# ADBA Nationals Kellyville Oklahoma October 2010 GP MEET??



## 9361

Hey everyone! I just wanted to announce that I want to get a meet up together for the ADBA nationals. I live very close to Kellyville. :clap:

American Dog Breeders Association

I was thinking we could get a bunch of us together and maybe go out and do something.... not sure yet... looking for someone close by to help me organize something!

Chime in if you want to help or you plan on being there! :woof:


----------



## rosesandthorns

I'll be there! I'm @ 2 1/2 hours away. Be there both days even without a pup for Saturday show.


----------



## rosesandthorns

What about Texarkana? It's only 2 shows on Oct 30 no weight pull this year.


----------



## 9361

I'm not sure where that is, but since I don't have dogs to actually show besides maybe entering the fun show. But I think this would be a great chance to meet up with my GP family.


----------



## bahamutt99

As it stands right now, anybody wants to pet miss Terra, she should be there unless she's in heat (who knows). But I will not be there.


----------



## Harley D

Wish I could but its a bit of a drive there


----------



## Rudy4747

I'll be there we are a part of the club hosting show and live about 5 mins away


----------



## shadowwolf

I'll be there.  Requested the time off a while ago from work. Just have to book the hotel and all that good stuff.


----------



## performanceknls

If nationals was not on my DUE DATE I would be there. I hoping he comes a little early and if I feel up to it were going! It is too close for us to miss out on but I do not want to have my baby in OK. lol


----------



## 9361

performanceknls said:


> If nationals was not on my DUE DATE I would be there. I hoping he comes a little early and if I feel up to it were going!

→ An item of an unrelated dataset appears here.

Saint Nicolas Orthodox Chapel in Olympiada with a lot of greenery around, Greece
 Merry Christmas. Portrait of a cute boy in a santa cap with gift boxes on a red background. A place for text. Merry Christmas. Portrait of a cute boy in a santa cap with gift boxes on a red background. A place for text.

It is too close for us to miss out on but I do not want to have my baby in OK. lol


lol I will beat your butt for traveling that far at 40 weeks pregnant. LOL


----------



## 9361

shadowwolf said:


> I'll be there.  Requested the time off a while ago from work. Just have to book the hotel and all that good stuff.


Awesome, can't wait to meet you! And the bulldoggies.

And Lindsay, wish you could make it.  But I hope to see Terra girl!


----------



## Rudy4747

rosesandthorns said:


> What about Texarkana? It's only 2 shows on Oct 30 no weight pull this year.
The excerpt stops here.